Democrats at the state Capitol have unveiled a new plan meant to help middle class families. The proposal would create or increase tax credits and deductions for families, seniors, and college students. 

The Democrats did not outline exactly how they would pay for the plan. But they admit it would likely “overlap” with their road funding proposal when it comes to raising taxes on corporations.

“We would love for Republicans to embrace our plans to fix the roads. And if they did that, we might have to scale some of this back,”

said state House Democratic Leader Tim Greimel (D-Auburn Hills). But Griemel concedes that’s not likely to happen in this Legislature.

“It’s important to keep in mind that the Republicans have essentially ruled out publicly our plan – or most of our plan – to fix the state’s roads,” he said. “And if that’s the case, we believe that our plan to make corporations pay their fair share should be used to provide tax breaks and tax relief to the hard-working families of Michigan.”

The Democrats’ road funding proposal would increase Michigan’s Corporate Income Tax rate from 6 percent to 9 percent to boost road funding. Greimel says he hopes much of the economic plan could be funded by renegotiating corporate tax incentives. Both plans aim to recoup about half of the corporate tax breaks that were championed by Republicans during Gov. Rick Snyder’s first year in office.

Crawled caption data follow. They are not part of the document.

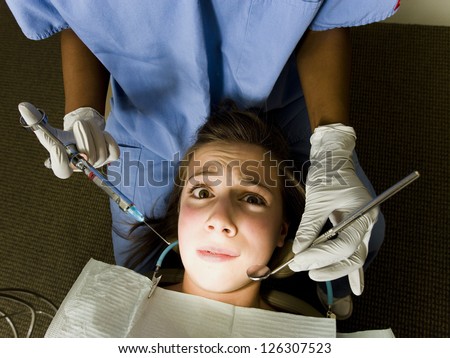 Portrait of scared girl in dentist cabinet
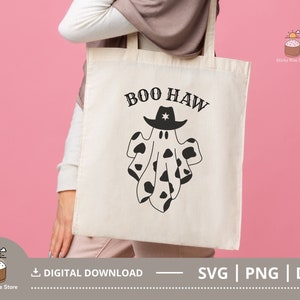 Puede incluir: Una bolsa de tela blanca con texto negro que dice "BOO HAW" y un fantasma de estampado de vaca blanco y negro con un sombrero de vaquero.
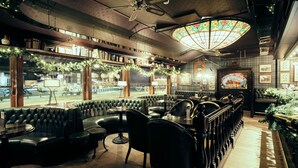 A cozy, well-lit restaurant with a green leather booth seating area, a large stained glass window, and a view of the street outside. - Bergstadens Hotel & SPA (Roros)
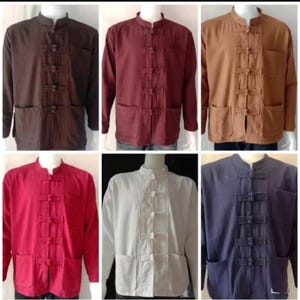 Può includere: Una collezione di camicie a maniche lunghe in vari colori: marrone, bordeaux, beige, rosso, bianco e blu navy. Ogni camicia presenta un colletto alla coreana, una chiusura con bottoni e due tasche frontali. Le camicie sono esposte su manichini.
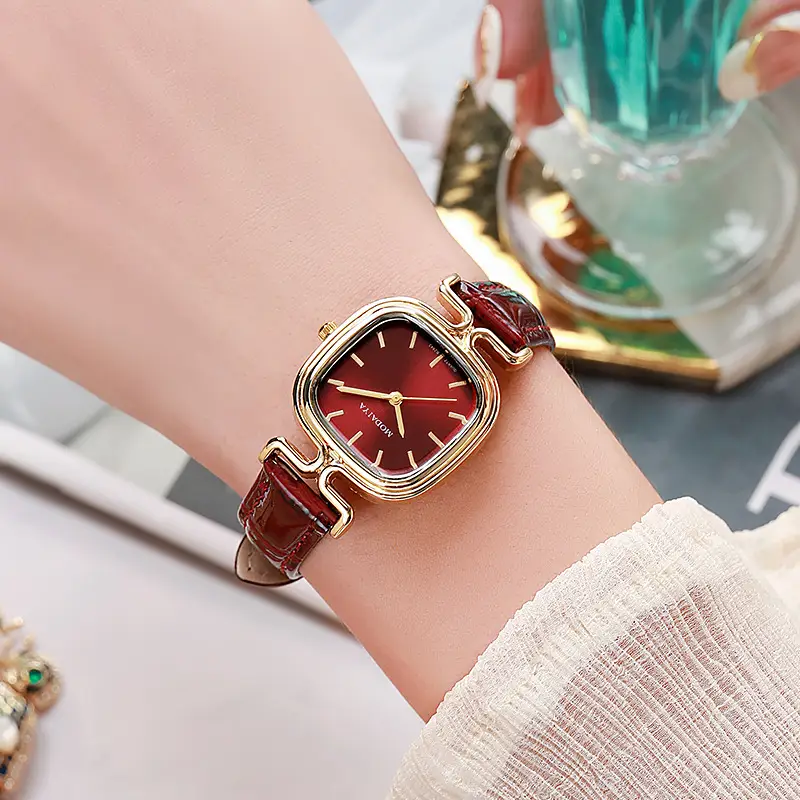 Women's Gold Plated Butterfly Watch with Pearl Strap — feature 3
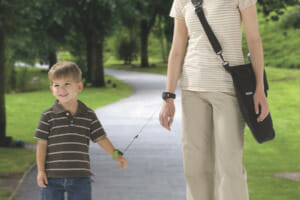 A woman and a young boy going for a walk in the park, with the boy's wrist tethered to the woman's wrist for safety.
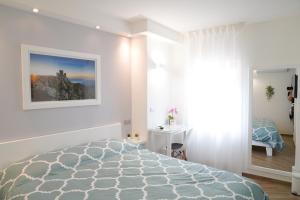 Postel nebo postele na pokoji v ubytování B&B Residenza Aragonese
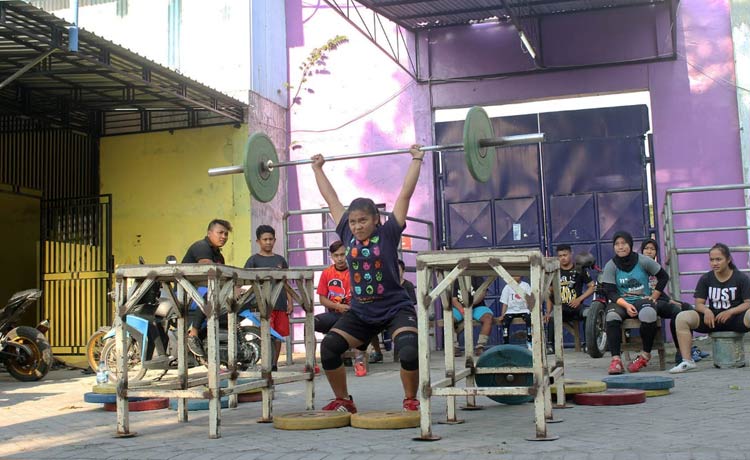 Salah satu atlet perempuan saat mencoba angkat beban disaksikan para atlet lainnya.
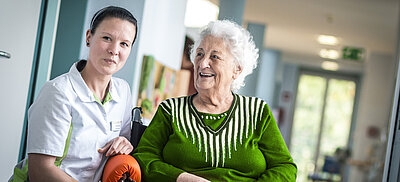 Altenpflegerin mit Bewohnerin im Rollstuhl auf einem Flur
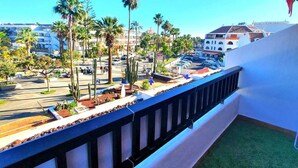 A balcony with a view of a parking lot, palm trees, and buildings in the background. - Parque Santiago 2. 2 bedroom 3 bathroom duplex. (Arona)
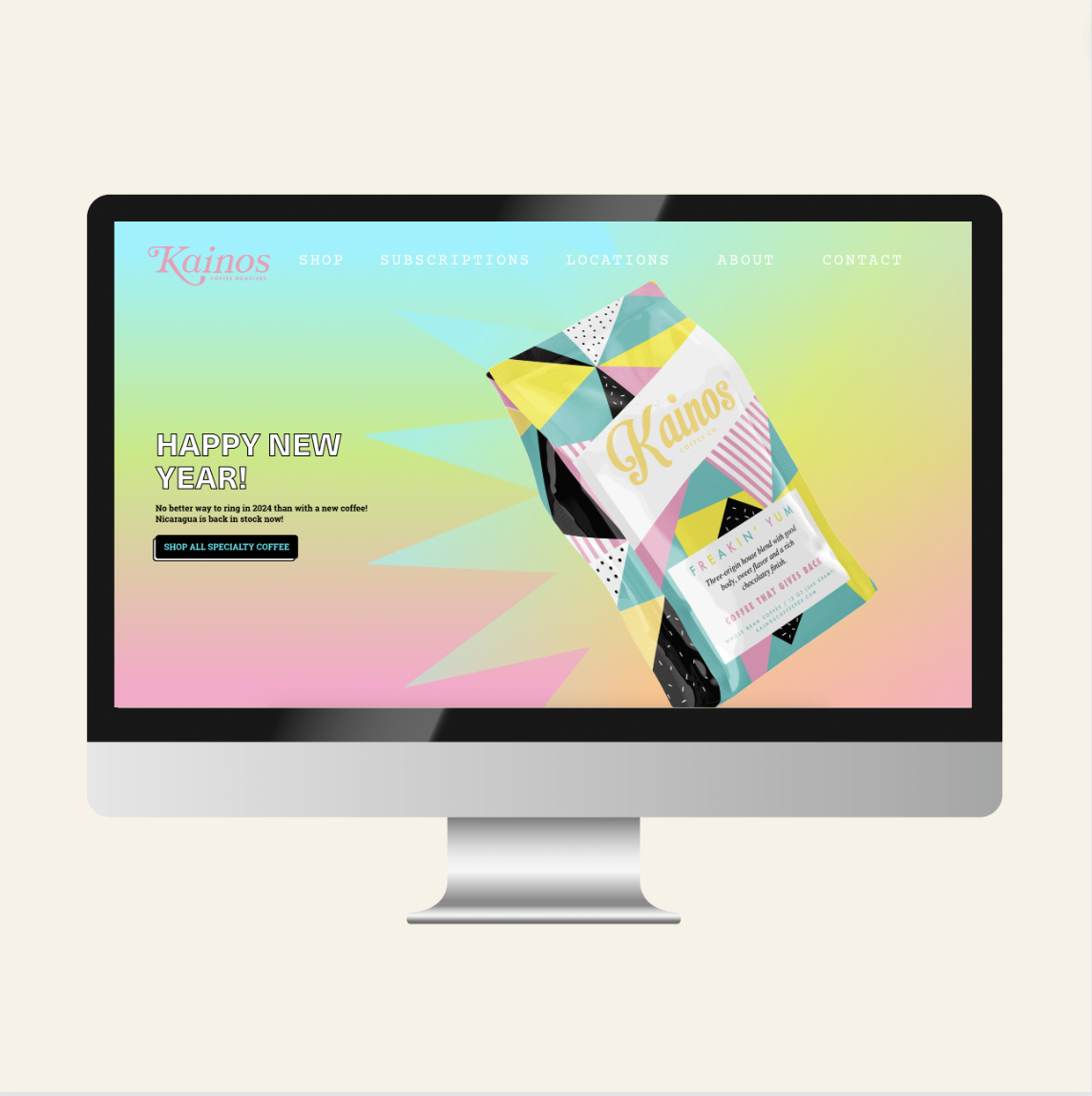Computer monitor displaying a colorful website for Kainos coffee, with a New Year's greeting and a 3D coffee package design on the screen.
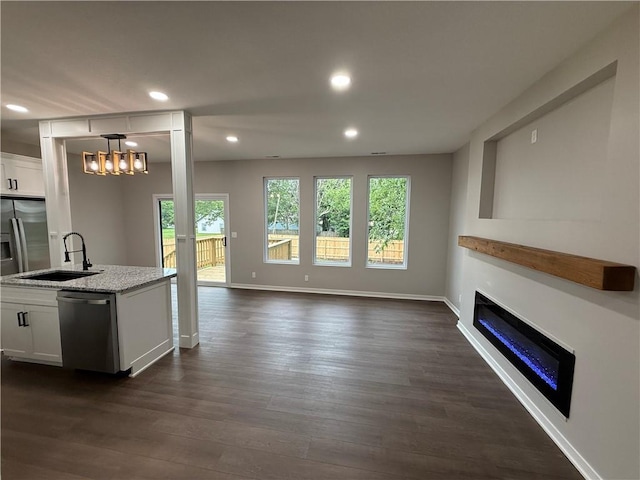 1141 Walnut Ave, Osawatomie, KS 66064 - living area featuring a glass covered fireplace, dark wood-style floors, recessed lighting, a chandelier, and baseboards
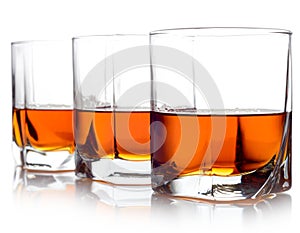 Three glasses of whiskey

According to a release, the Democratic economic plan would create a $400 per-child tax credit for each child 13 years old and younger in a household with an income of up to $100,000 a year. It would create another tax credit meant to offset the costs of child care or caring for an elderly parent.

The plan would also expand the Homestead Property Tax to families with incomes up to $100,000 a year, reinstate a tax deduction for seniors, and create an income tax credit for up to 50 percent of the amount working college students pay on state or federal higher education loans.

“Our plan refocuses and expands tax credits and deductions where they count – on raising a family, paying for a college education, and rewarding hard work,”

said Greimel. Gideon D’Assandro, a spokesperson for state House Speaker Kevin Cotter, dismissed the plan in an emailed statement to reporters, calling it “a ridiculous wish list.”